• _WHAT THE TASK REQUIRES_
Although the records contain pictures, only their text should be reproduced, exactly as written.

• _DATA FOR ANALYSIS_
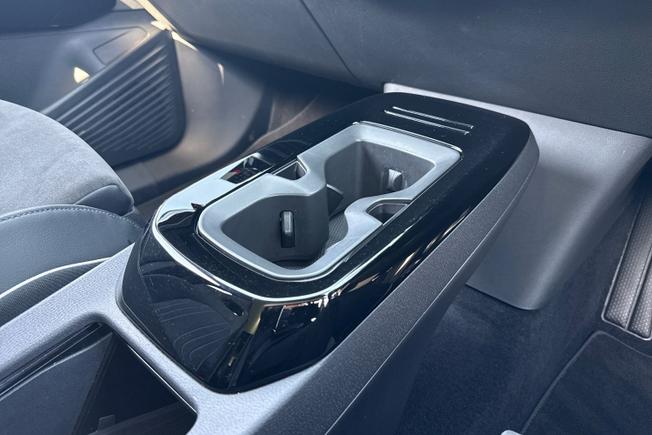 VOLKSWAGEN ID.4 Photo 25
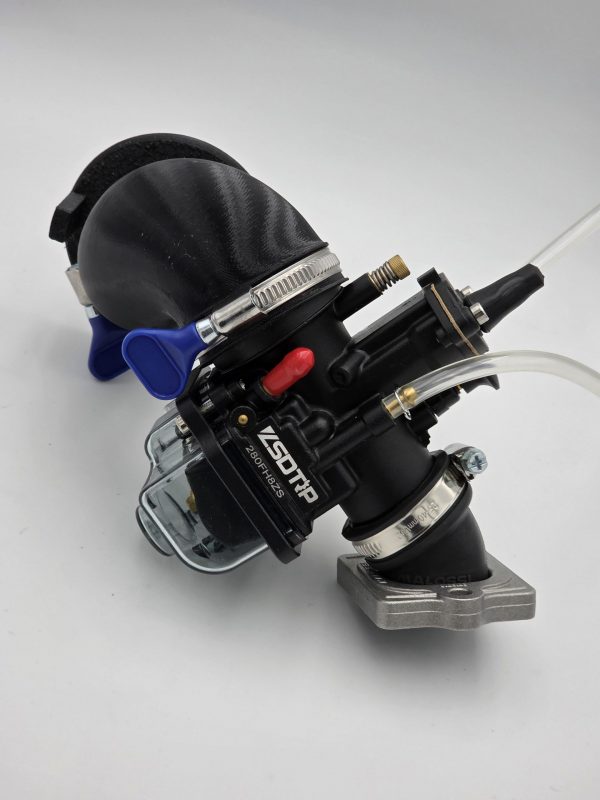 TUNINGKIT STAGE 2 - ArEnADeSiGn for Gilera Runner 180
Vergaser PWK 28 Powerjet + Malossi 360° Ansaugstutzen + GEN3 stand. Airboxumbaukit + Ansaugschlauch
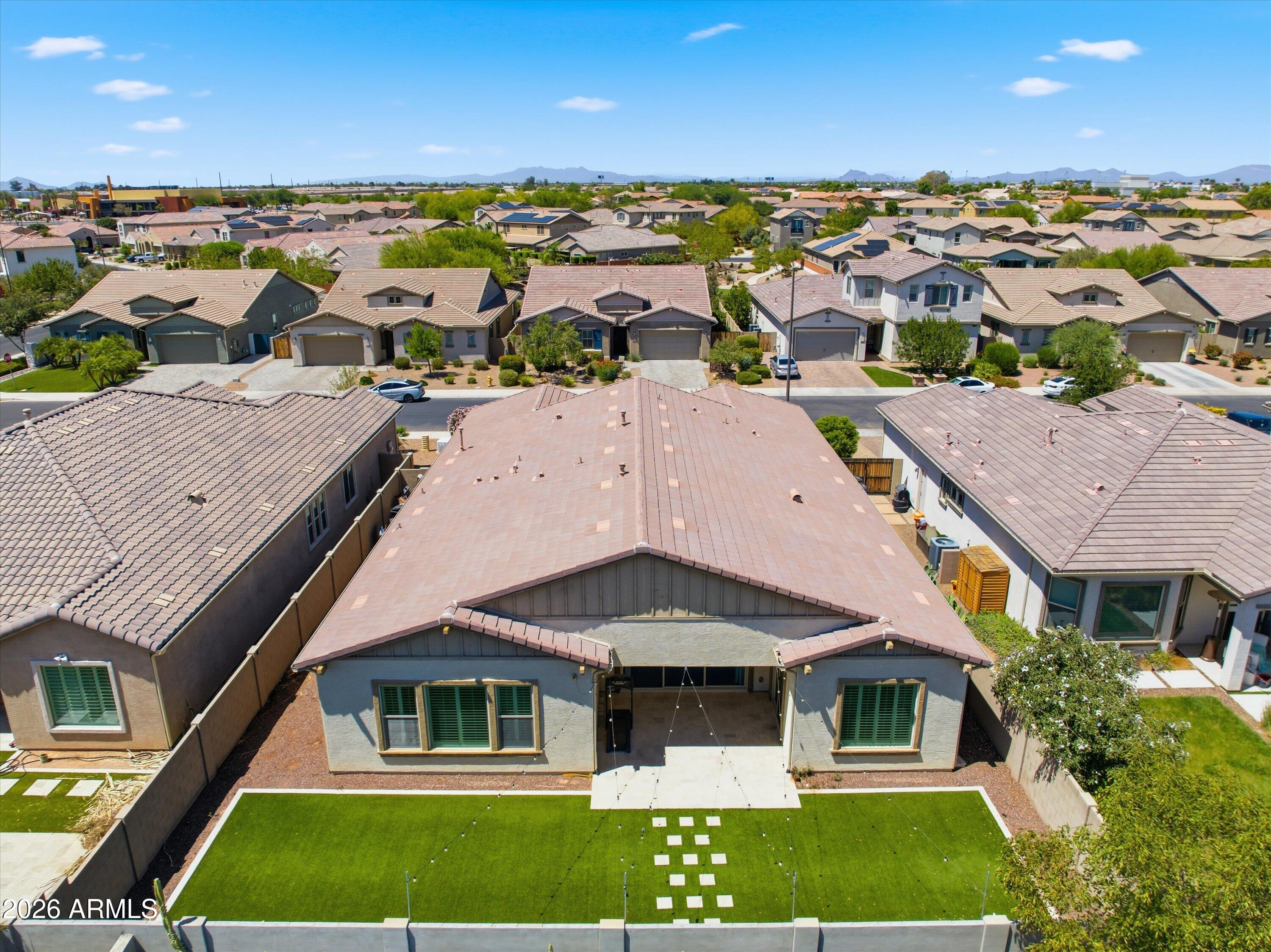 1083 E HOLLAND PARK Drive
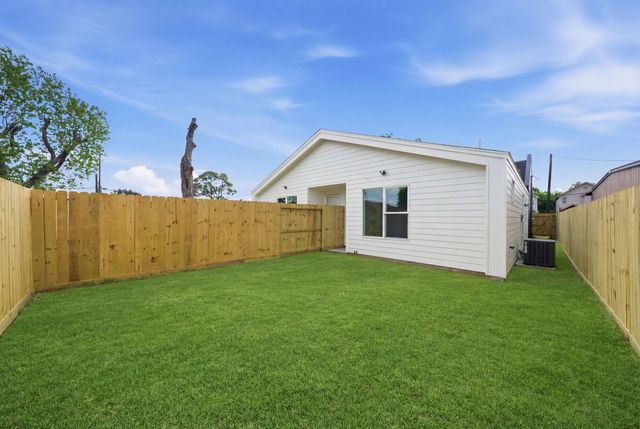 6514 Luce Street B, Houston, TX 77087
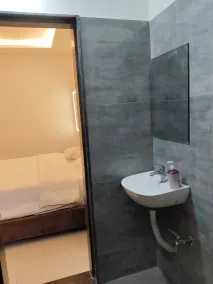 Hotel Kiwi Inn Vijaynagar Scheme 78 - Bathroom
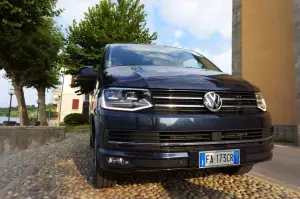 Volkswagen Multivan Prova su strada 2016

• _TASK SOLUTION_
 VOLKSWAGEN ID.4 Photo 25
 TUNINGKIT STAGE 2 - ArEnADeSiGn for Gilera Runner 180
Vergaser PWK 28 Powerjet + Malossi 360° Ansaugstutzen + GEN3 stand. Airboxumbaukit + Ansaugschlauch
 1083 E HOLLAND PARK Drive
 6514 Luce Street B, Houston, TX 77087
 Hotel Kiwi Inn Vijaynagar Scheme 78 - Bathroom
 Volkswagen Multivan Prova su strada 2016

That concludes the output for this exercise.